Our discussion will then focus in on the work in data collection and structuring we have pursued to bring content to the directory site. The ADP project necessarily began with questions about the data we were seeking to collect. In February 2021 we performed a preliminary analysis of online and social media postings for listings of literary events hosted in Canada. This revealed 77 discrete organizers of over one thousand (1,011, to be exact) literary events between 20 March 2020 - 31 December 2020. This list served as the starting point for an expanded catalogue of events, and for team discussions about the nature and number of metadata fields we would use. We proceeded by adapting extant categories of the SpokenWeb metadata schema that has been designed for the description of historical literary audio recordings. This allowed us to repurpose the backend of the Swallow Metadata Ingest System (Swallow), built for metadata management of historical research collections, through the development of a crosswalk that best serves the goals of data collection for ADP. Data fields we have shaped for this project include categories related to Title, Creator/Contributor, Language, Production Context, Genre, Duration, Date, Location, Online Platform, and Contents, among others.

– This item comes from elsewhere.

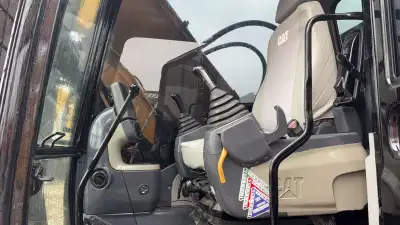 Used Caterpillar 325D2L Excavator photo 9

As we now have a live site, even as data continues to be added, our presentation will recount our ongoing methods of discovering events to be included in the ADP database, explain the rationale of our selection of metadata categories and our approach to structuring those fields, rehearse some of the philosophical and ontological questions that have arisen in the process of abstracting the complex and mediated literary activities of the pandemic period into categories of searchable data, and will end with reflections on the relationship between quantitative data and the qualitative data we are now collecting in the form of interviews from the organizers of the events we have catalogued. Drawing upon our experience of data collection from a diverse range of literary organizations and communities, our paper concludes with an argument about the value of thinking about quantitative and qualitative data as functioning productively in an ongoing dialectic of data curation, presentation, and community consultation, and suggestions for methods of realizing such an approach.